August 18, 2011
Distinguished Professor Ruthann Robson, who is the author of numerous works developing a lesbian legal theory, which include the books Sappho Goes to Law School and Lesbian (Out)Law: Survival Under the Rule of Law, and many law review articles, discusses same-sex marriage.
What’s the present state of same-sex marriage in New York?
The New York Marriage Equality Act, passed June 24 and signed by the governor that same evening, and effective one month later, allows same-sex couples to enter into legal marriages in New York on the same terms as so-called “opposite-sex” couples. It provides “A marriage that is otherwise valid shall be valid regardless of whether the parties to the marriage are of the same or different sex.” So, with two exceptions, same-sex marriages and opposite-sex marriages are identical if the married couple remains in New York.
What are those exceptions?
One exception is the religious exemption in the Marriage Equality Act itself. It relates only to the “the solemnization or celebration of a marriage,” not to the status of marriage. It exempts religious organizations from being required to provide goods or services for the solemnization or celebration of a marriage and prevents them from being sued for discrimination. For example, it means that if a minister does not want to perform the marriage ceremony (the solemnization) of the couple, the minister is not liable for discrimination. Likewise, if a church does not want to rent its hall for a same-sex wedding reception, it will not be liable for discrimination. This does not alter the previous state of the law, but merely clarifies it. The exemption does not extend to people who happen to disagree with same-sex marriage. There has been some minimal controversy regarding town clerks who disagree with same-sex marriage and who might refuse to issue a marriage license, but that seems to have dissipated.
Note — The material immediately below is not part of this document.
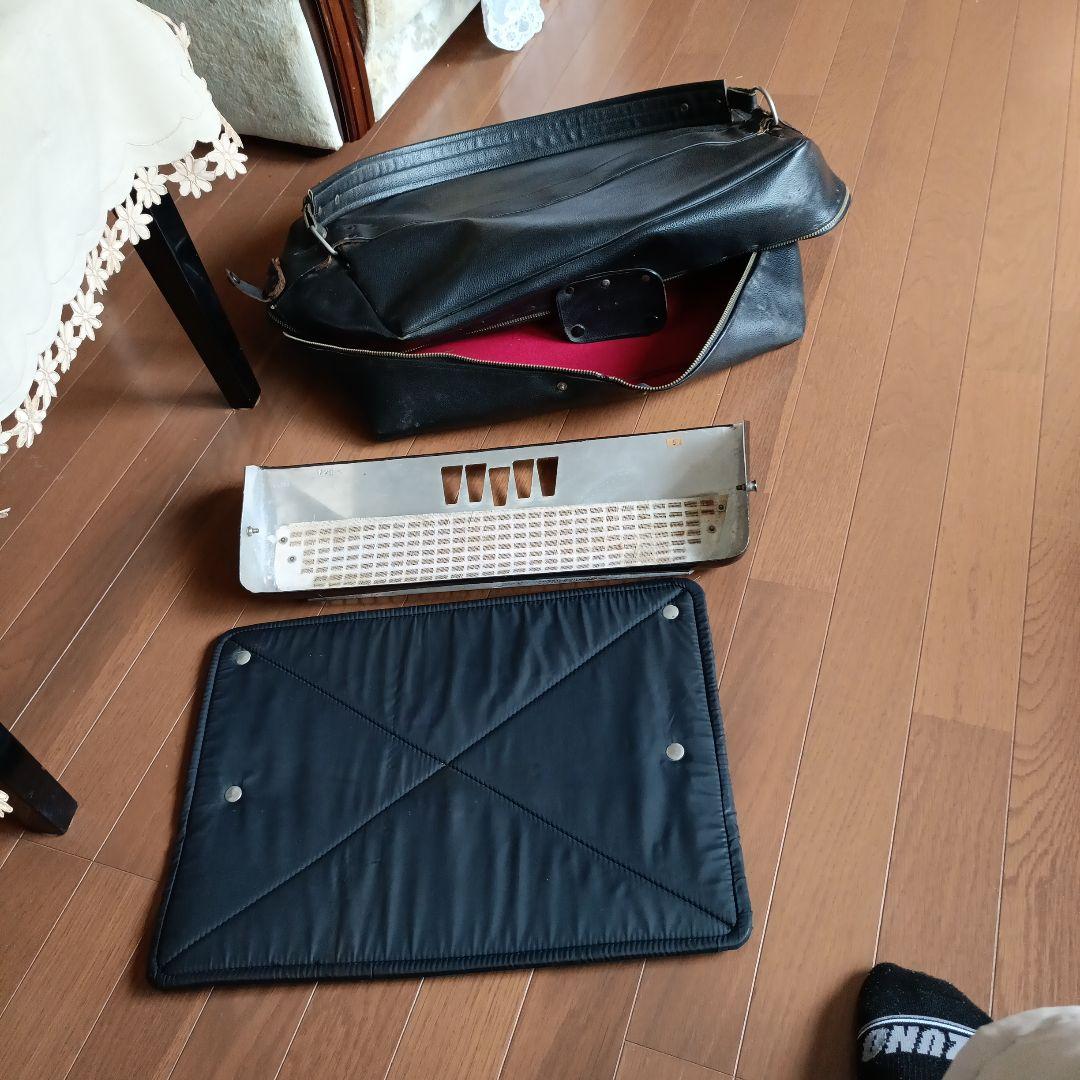 アコーディオン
The more serious exception is that a same-sex married couple will be married for purposes of state law but not federal law. The Defense of Marriage Act, DOMA, passed by Congress in 1996 prohibits the federal government from recognizing same-sex marriages. One example that effects almost every same-sex married couple in New York is that they would be filing their state income tax returns as a married couple and their federal income tax returns as single persons. There is a case by a New York widow, who had been married in Canada to her now-deceased partner, suing to declare DOMA unconstitutional. The New York Attorney General has filed an amicus brief supporting her and arguing that DOMA is unconstitutional. The United States Department of Justice is no longer defending the constitutionality of DOMA. Another federal judge has declared DOMA unconstitutional. So, DOMA is substantially weakened, even as if is still valid law.
What if a married same-sex couple leave New York?
It depends on where they go! If they go to a state or a nation that also allows same-sex marriages, such as Iowa or Canada, then their marriage will certainly be valid. As for states that do not allow same-sex marriage, their legal status will be uncertain. Some states will recognize, or partially recognize, same-sex marriages legally contracted in other states even if their states laws do not allow such laws — New York was in this category before it passed the Marriage Equality Act. Many states will not recognize same-sex marriages from other states under their state DOMA-like laws or DOMA-like state constitutional amendments.
Do you think other states will be following New York?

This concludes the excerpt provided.